At the International Meet, Brunei (Photo: courtesy Khurshid Mistry)

Khurshid does not hide her desire to do well. Probably realizing what she is up against in terms of risk of injury, she does not run at every event showing up on the horizon. She picks and chooses. “ Everything in training depends on what is the competition I am gearing up for. I don’t do many events,’’ Khurshid said. In sprint season – which she finds easier to handle – she usually moves through the state, national and international level of competitions under Masters Athletics. In marathon season, it is typically not more than one half marathon a month with occasional departures to two half marathons. Ever since she started going for Masters, she has been a podium finisher in her age category all the way up to the Asian championships. In April 2017, she achieved a longstanding dream – she participated in the World Masters Games in Auckland, New Zealand. She qualified for the final in the 100m and 200m sprint disciplines but couldn’t secure a podium finish in the final. She finished fifth in 100m and sixth in 200m. Khurshid is very happy that she could participate in the world championship. That had been a goal in her Masters Athletics journey. Since 2008, Khurshid has won gold medals in 100m, 200m, 400m, 4 x 100m relay and 4 x 400m relay at seven state level and seven national level Masters Athletics meets. Additionally, she secured one gold medal at the Asian Masters Athletics meet held in Malaysia, five gold medals at the international meet in Brunei and one gold medal and two silver medals at the international meet in Johar, Malaysia. “ Khurshid is primarily a sprinter. But she manages to run half marathons very well. The training for each of these is difficult. She does the training with much dedication.  Very few people can do that,’’ Pervin Batliwala, among the best known senior marathoners in Mumbai said.
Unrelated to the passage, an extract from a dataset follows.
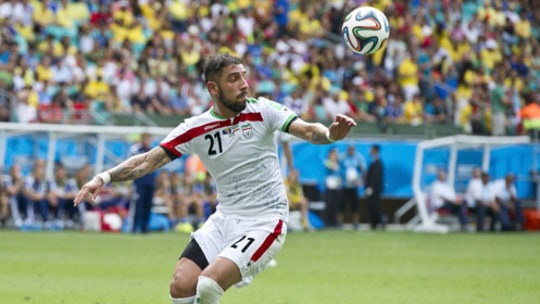 Überzeugte im Premier-League-Abstiegskampf und bei der WM: Ashkan Dejagah, Neuzugang von Al-Arabi.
From the Masters Athletics World Championship in Auckland, New Zealand (Photo: courtesy Khurshid Mistry)

Between sprint and endurance, Khurshid wants to focus on the former till she feels it is no longer reasonable to continue. We use the word `reasonable’ because in her case, giving what she is doing, her best shot, matters. “ Till I can do sprinting, I will keep doing it. Endurance can be pursued at any age. Sprinting is my forte. Why shouldn’t I do what is my forte for as long as I am capable of doing it well?’’ she asked. Besides, she confesses to being a bit impatient in wanting to see the outcome of a race she started. With sprint events, the result is available soon. “ I sometimes find the half marathon never ending,’’ she said. For now therefore, there is no thinking of the full marathon. If Khurshid is to do it, then, she will need to train well, train with focus; train for at least one year. “ I am a perfectionist. I do only things I am good at. Otherwise, I don’t do it at all,’’ she said. If she shifts to the full marathon in lieu of the half right now, the problem is – that will reduce her overall speed and compromise her ability in sprinting. She does not want that. She takes injuries in her stride, rationalizing, “ with time, I have learnt to take care of them.’’ As for her drive to sustain the current mix of sprinting and half marathon and excel at it, she attributed that to her innate character. “ I used to tell my father that I want to achieve something in life,’’ she said.

(The authors, Latha Venkatraman and Shyam G Menon, are independent journalists based in Mumbai.)